● **MATERIAL FOR THIS TASK**:
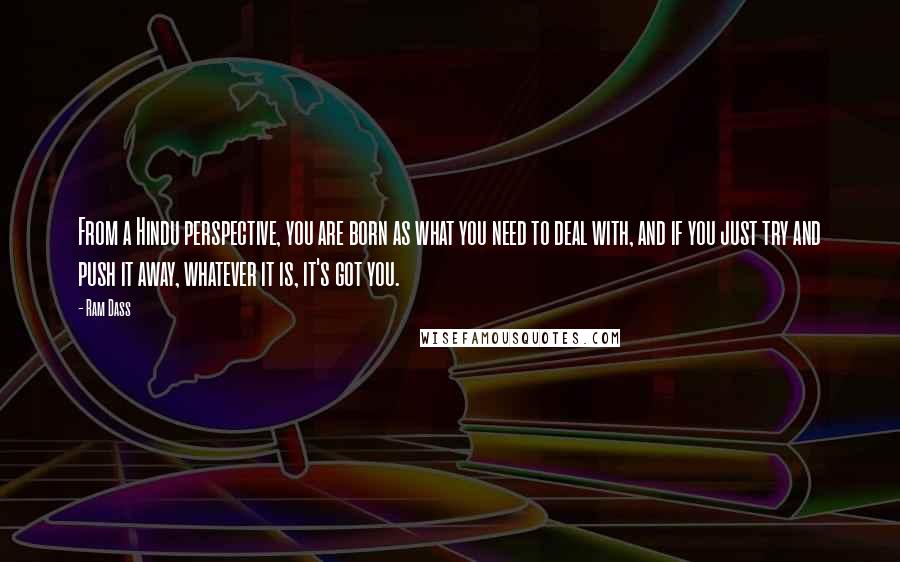 Ram Dass Quotes: From a Hindu perspective, you are born as what you need to deal with, and if you just try and push it away, whatever it is, it's got you.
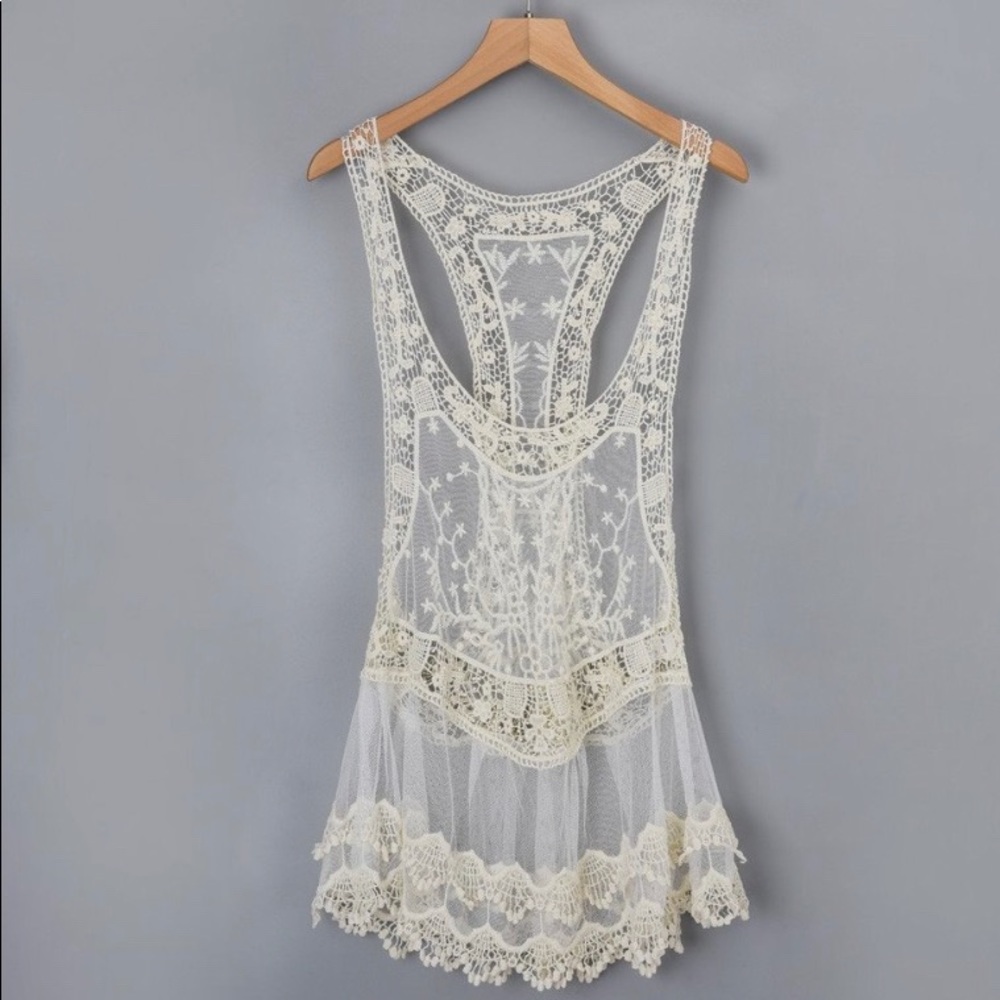GORGEOUS CROCHET SWIM COVER UP OR TANK - Picture 3 of 4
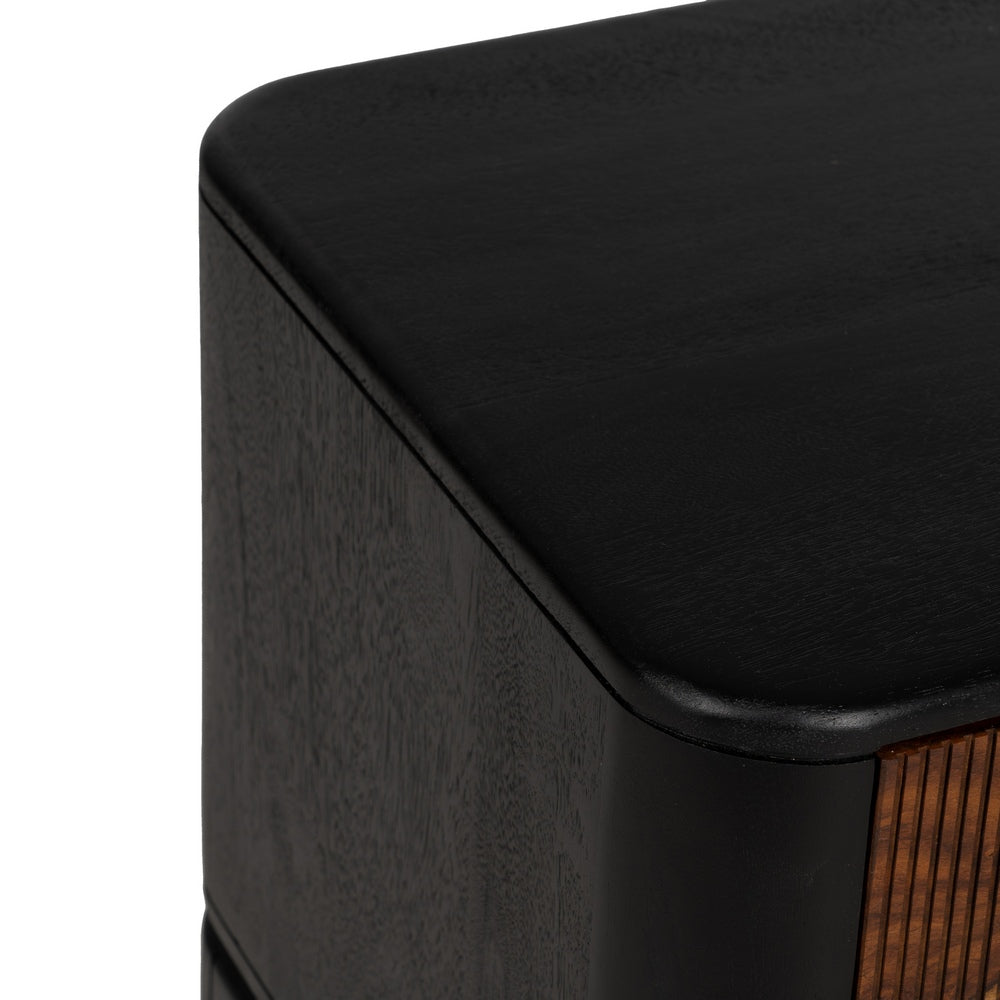 BROWN-BLACK TV CABINET WOOD LIVING ROOM 160 X 40 X 50 CM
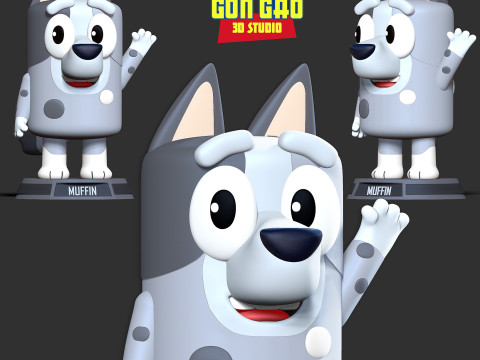 Muffin - Bluey Fanart Modèles 3D en vedette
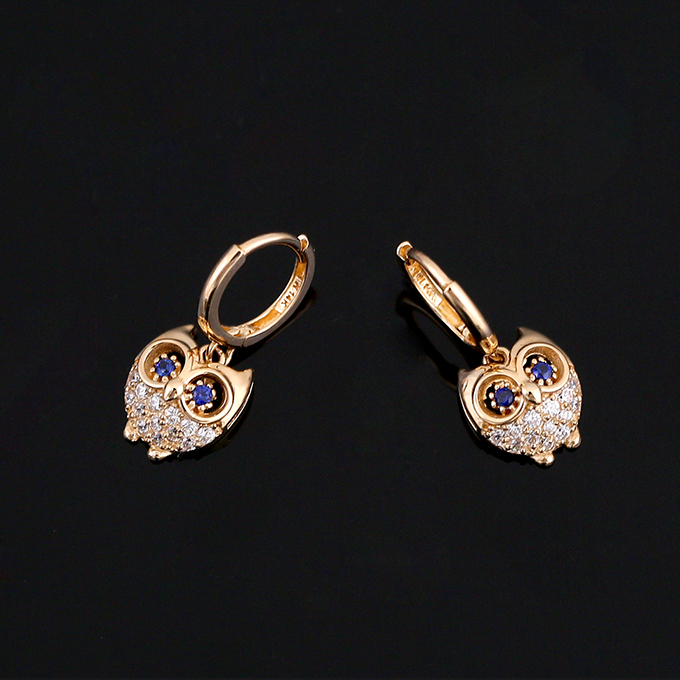 14k18k Golden Owl Earrings ER29560 14k Gift Unique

● **TASK REQUIREMENTS**:
Would you copy the lines from the one holding "GORGEOUS CROCHET SWIM" down to the last line of the material, both included, exactly and with nothing added, skipping the pictures?

● **ANSWER TO THE PROBLEM**:
GORGEOUS CROCHET SWIM COVER UP OR TANK - Picture 3 of 4
 BROWN-BLACK TV CABINET WOOD LIVING ROOM 160 X 40 X 50 CM
 Muffin - Bluey Fanart Modèles 3D en vedette
 14k18k Golden Owl Earrings ER29560 14k Gift Unique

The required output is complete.